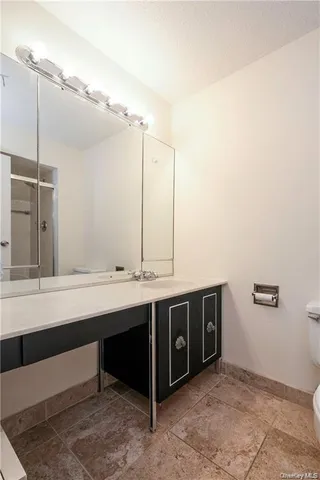 $3,695 | 400 High Point Drive, Unit PH4, Hartsdale, NY 10530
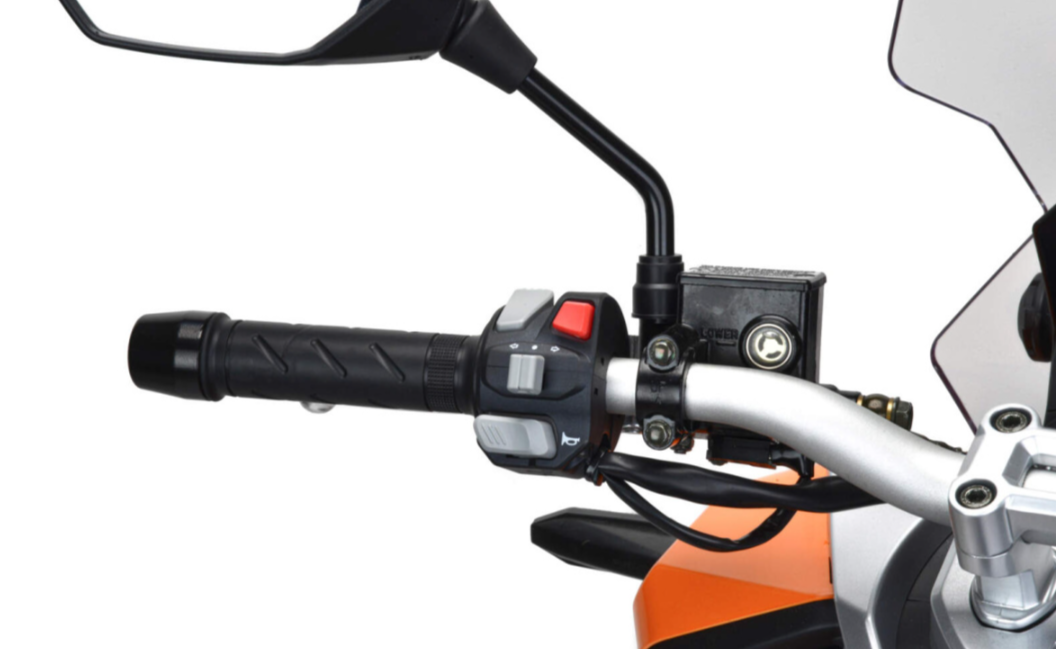 Скутер MOTOLAND (МОТОЛЕНД) T-MAX 150 в Балашихе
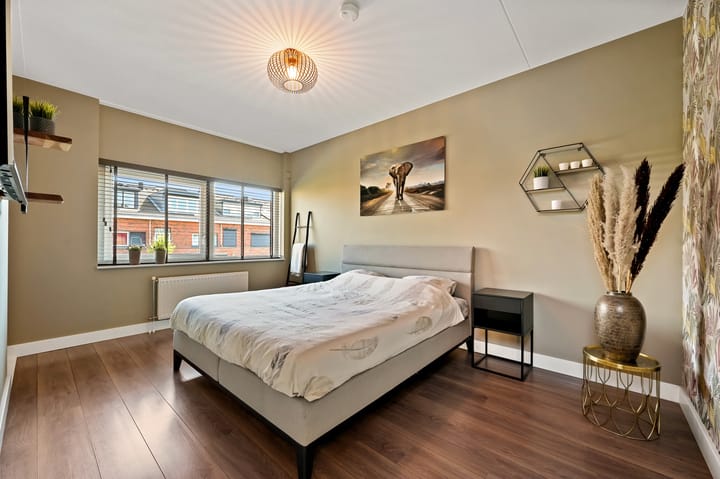 Photo 44 of Juttepeer 32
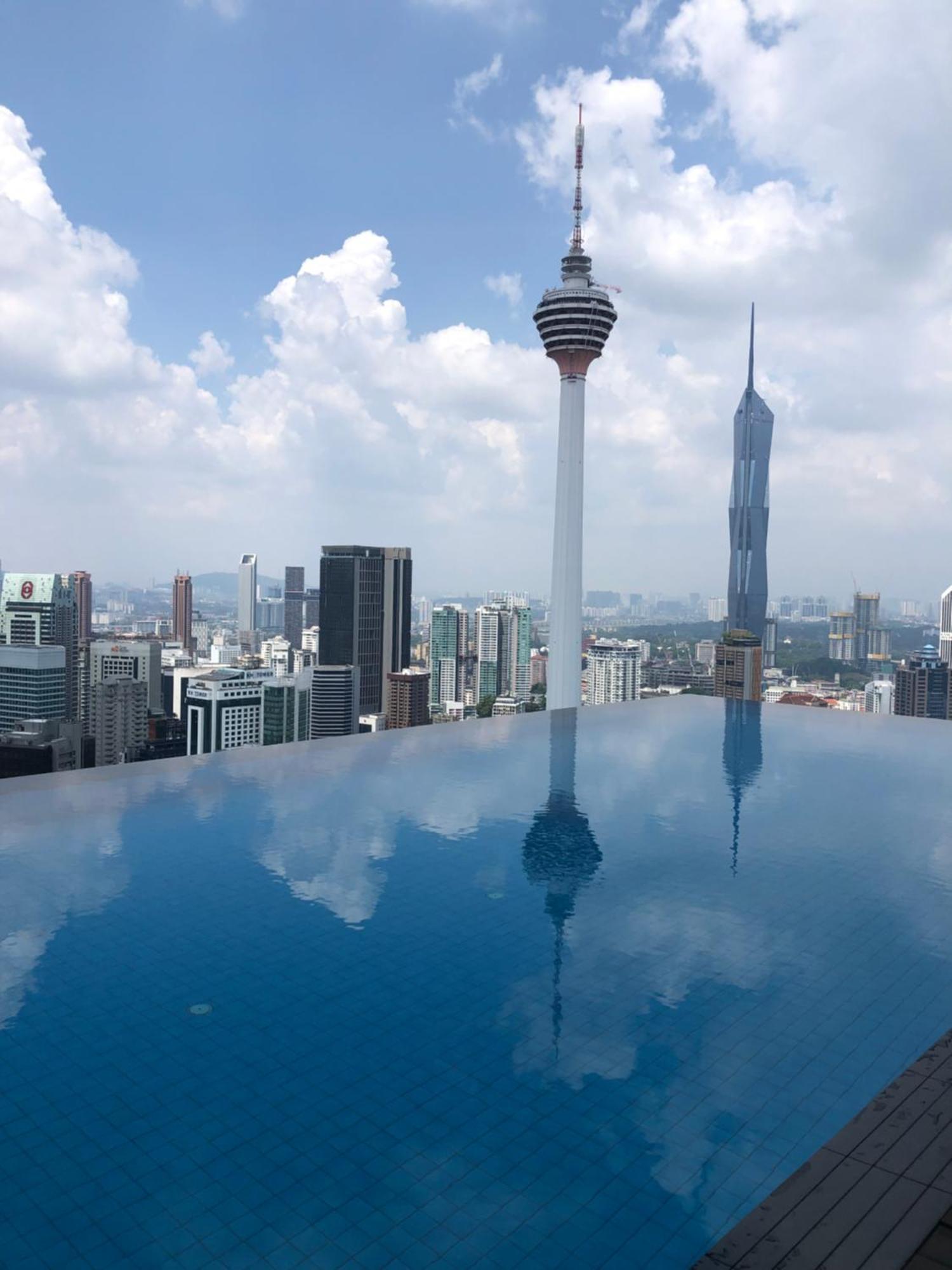 Amazing Pool By Platinum Suites Klcc กัวลาลัมเปอร์ ภายนอก รูปภาพ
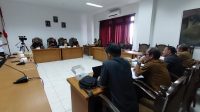 PERSOALAN mutasi pejabat di Pemkab Karangasem yang bergulir beberapa waktu lalu, sampai saat ini masih menyisakan polemik dan tanda tanya besar di DPRD Karangasem. Menyikapi berbagai laporan dan pengaduan yang masuk terkait mutasi pejabat tersebut, Senin (3/8/2026) Ketua DPRD Karangasem, I Wayan Suastika, bersama unsur pimpinan Dewan dan Komisi I mengadakan rapat kerja dengan pihak eksekutif. Foto: ist PERSOALAN mutasi pejabat di Pemkab Karangasem yang bergulir beberapa waktu lalu, sampai saat ini masih menyisakan polemik dan tanda tanya besar di DPRD Karangasem. Menyikapi berbagai laporan dan pengaduan yang masuk terkait mutasi pejabat tersebut, Senin (3/8/2026) Ketua DPRD Karangasem, I Wayan Suastika, bersama unsur pimpinan Dewan dan Komisi I mengadakan rapat kerja dengan pihak eksekutif. Foto: ist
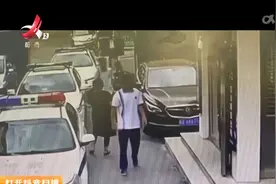 内蒙古包头：两名初中生 抱着“光屁娃”进了派出所视频封面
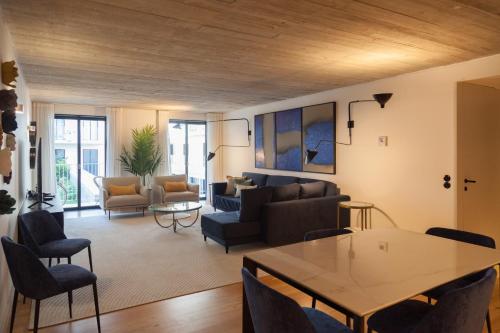 FLH Intendente Blue Flat with Balcony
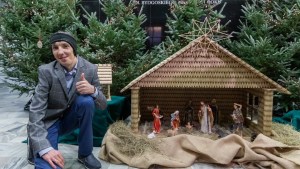 Przemysław Kozłowski, niepełnosprawny artysta tworzy bożonarodzeniowe szopki z zapałek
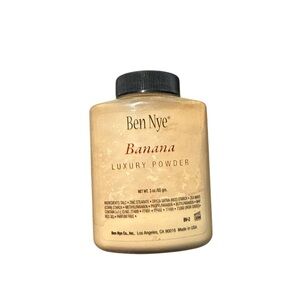 Ben Nye BANANA Luxury Powder 30ML bottle Kim Kardashian Makeup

_ _ _ _ _

## Brief
From the first record to the last, copy everything exactly except the pictures.

## Solution
 $3,695 | 400 High Point Drive, Unit PH4, Hartsdale, NY 10530
 Скутер MOTOLAND (МОТОЛЕНД) T-MAX 150 в Балашихе
 Photo 44 of Juttepeer 32
 Amazing Pool By Platinum Suites Klcc กัวลาลัมเปอร์ ภายนอก รูปภาพ
 PERSOALAN mutasi pejabat di Pemkab Karangasem yang bergulir beberapa waktu lalu, sampai saat ini masih menyisakan polemik dan tanda tanya besar di DPRD Karangasem. Menyikapi berbagai laporan dan pengaduan yang masuk terkait mutasi pejabat tersebut, Senin (3/8/2026) Ketua DPRD Karangasem, I Wayan Suastika, bersama unsur pimpinan Dewan dan Komisi I mengadakan rapat kerja dengan pihak eksekutif. Foto: ist PERSOALAN mutasi pejabat di Pemkab Karangasem yang bergulir beberapa waktu lalu, sampai saat ini masih menyisakan polemik dan tanda tanya besar di DPRD Karangasem. Menyikapi berbagai laporan dan pengaduan yang masuk terkait mutasi pejabat tersebut, Senin (3/8/2026) Ketua DPRD Karangasem, I Wayan Suastika, bersama unsur pimpinan Dewan dan Komisi I mengadakan rapat kerja dengan pihak eksekutif. Foto: ist
 内蒙古包头：两名初中生 抱着“光屁娃”进了派出所视频封面
 FLH Intendente Blue Flat with Balcony
 Przemysław Kozłowski, niepełnosprawny artysta tworzy bożonarodzeniowe szopki z zapałek
 Ben Nye BANANA Luxury Powder 30ML bottle Kim Kardashian Makeup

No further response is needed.